Using spreadsheet (LibreOffice.org Calc), filter for entries which do not have expected format:
- "[" at start of Cantonese
- "[" at start of Mandarin
- "/" at start of definition

Fix these few entries manually (in the original text file).

Note: really this is better done using a database (like SQLite, see below).

---
3. Clean up definition entries.

Note: to import into SQLite database, need to escape " as "" (specifically affects unclosed quotes).


a. Add missing Pinyin where possible, from (Mandarin) CEDICT (and cjklib?).

Use following substitution for CEDICT (only Mandarin, no Cantonese pronunciation):
sed -r 's_(.+?)\s(.+?)\s\[(.*?)\]\s/(.+)_\1@\2@[\3]@/\4_g' <cedict_ts.u8 >cedict_ts.atsv

Then for YEDICT entries where Mandarin blank ("[]"), cross-reference with CEDICT, 
looking up (Mandarin) Pinyin where Simplified matches.

SQLite command to insert into new table with cross-referenced matches:
'insert into yedict_new(simplified, traditional, mandarin, cantonese, definition) select yedict.simplified, yedict.traditional, cedict.mandarin, yedict.cantonese, yedict.definition from yedict join cedict on yedict.simplified = cedict.simplified where yedict.mandarin = '[]';'
But note will duplicate if multiple matches, so need to manually fix (actually only few hundred matches out of over 6000 missing).

Note: the vast majority of entries without Pinyin are Cantonese-specific words and terms, often including a character not used in Mandarin and so without a well-defined pronunciation. Other cases are phrases made up of words that do have Mandarin pronuncations, but the phrase itself is not in CEDICT and so probably not often used (if at all) in Mandarin. To deal with these, probably need some kind of procedure for splitting the entries and then finding the Pinyin for the individual components.

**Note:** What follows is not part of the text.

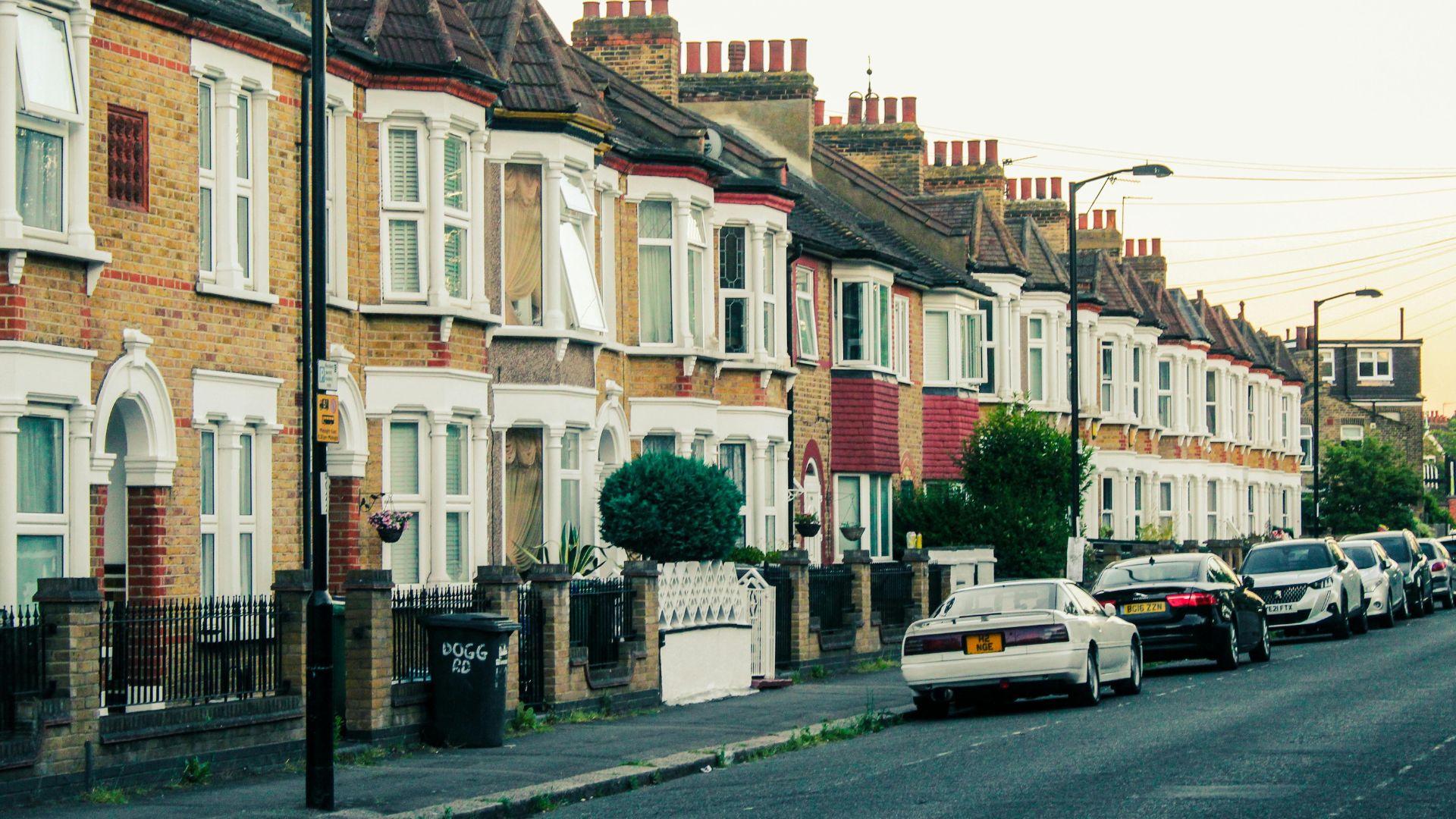 Row of terraced houses with cars on the road in front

Note 2: there are also quite a few entries with incomplete Pinyin, could check for these by matching number of syllables to number of characters.


b. Standardise Cantonese romanisations (to Jyutping, from Yale).
Some complication as need to only convert Yale and not mess with Jyutping.
So only convert Cantonese where no numeric tone digits (1-6).
Probably easier to create new file with only those to be converted first, convert all in that file, then recombine.

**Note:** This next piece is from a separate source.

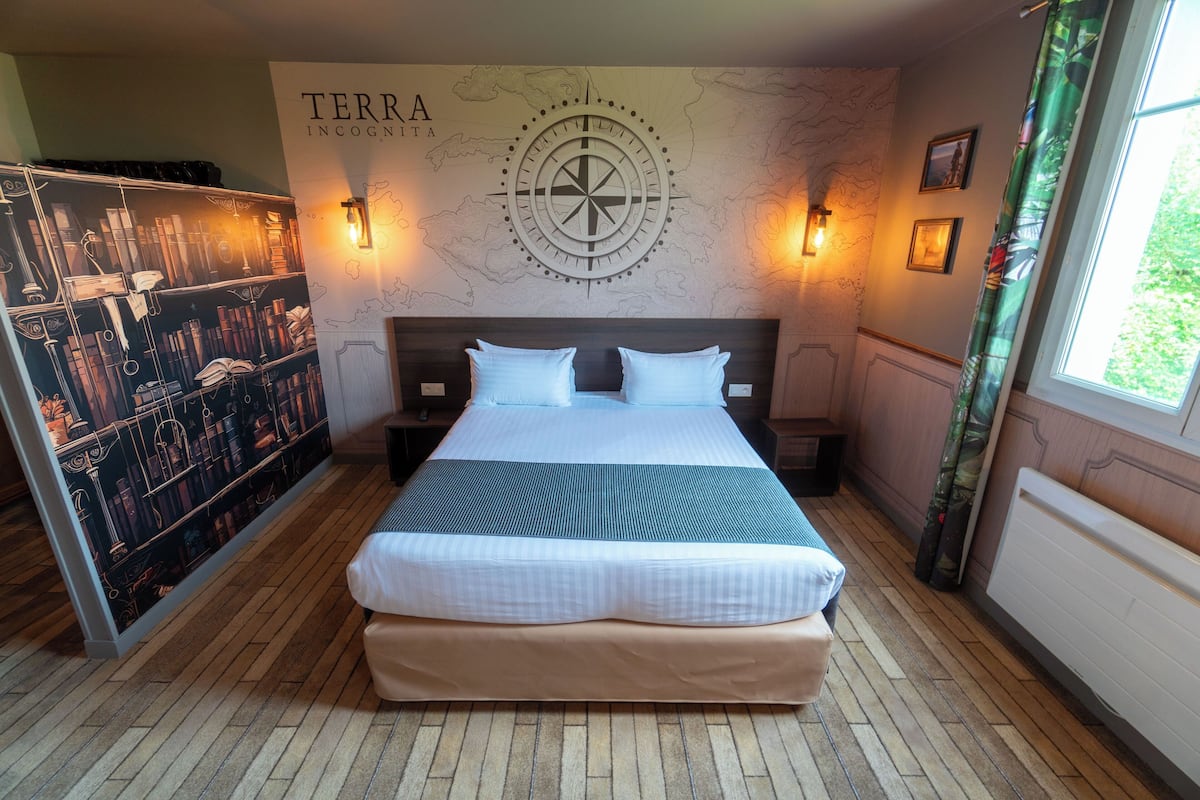 A neatly made bed with a headboard, a wall map, and two wall-mounted lamps.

Can use cjknife (cjklib) for actual conversion:
cjknife -s CantoneseYale -t Jyutping -m "[cantonese]"

Identify and transfer Yale (non-Jyutping) Cantonese entries:
'insert into yedict_yale select * from yedict_final where not (cantonese like '%1%' OR cantonese like '%2%' OR cantonese like '%3%' OR cantonese like '%4%' OR cantonese like '%5%' OR cantonese like '%6%');'

Output yedict_yale to yedict_yale.atsv, then process line by line in bash:
while read -r line;\
do YALE=`echo $line | sed -r "s_(.+?)@(.+?)@\[(.+?)\]@\[(.+?)\]@(.+)_\4_g"`;\
JP=`cjknife -s CantoneseYale -t Jyutping -m "$YALE"`;\
ROW=`echo $line | sed -r "s_(.+?)@(.+?)@\[(.+?)\]@\[(.+?)\]@(.+)_\1@\2@\[\3\]@\[$JP\]@\5_g"`;\
echo $ROW >> yedict_jpnew.atsv;\
done < yedict_yale.atsv;
Note: this works but is very slow, almost certainly significant efficiency improvements possible here.

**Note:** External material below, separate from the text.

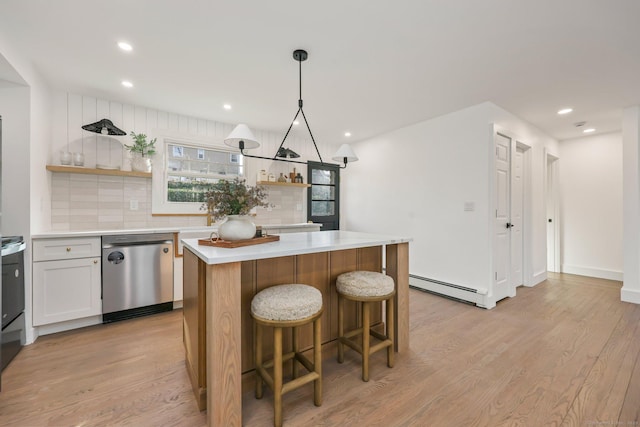 kitchen featuring baseboard heating, tasteful backsplash, stainless steel dishwasher, light hardwood / wood-style floors, and a kitchen island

Convert Yale to Jyutping in definitions themselves - only around 100 so can do manually using regex search '(.+?)/(.+?)\[(.+)/'.

Note: appears even in other 200,000+ entries there is some use of Yale, could script to check and replace as follows:
- look for definitions where with pattern "...[Cantonese]..."
- check Cantonese for tone numbers (1-6)
- if not found then convert from Yale to Jyutping, and reinsert back in place

Reimport and recombine (all quite simple):
- Import into new table yedict_jpnew.
- Insert Jyutping definitions from yedict_final to yedict_recombined.
'insert into yedict_recombined select * from yedict_final where (cantonese like '%1%' OR cantonese like '%2%' OR cantonese like '%3%' OR cantonese like '%4%' OR cantonese like '%5%' OR cantonese like '%6%');'
- Insert from yedict_jpnew to yedict_recombined.
'insert into yedict_recombined select * from yedict_jpnew;'


c. Parse definitions and add Pleco definition formatting.
Replace separators (/) with (Pleco) newline and (standard Unicode) bullet point, with exceptions for first and last separator.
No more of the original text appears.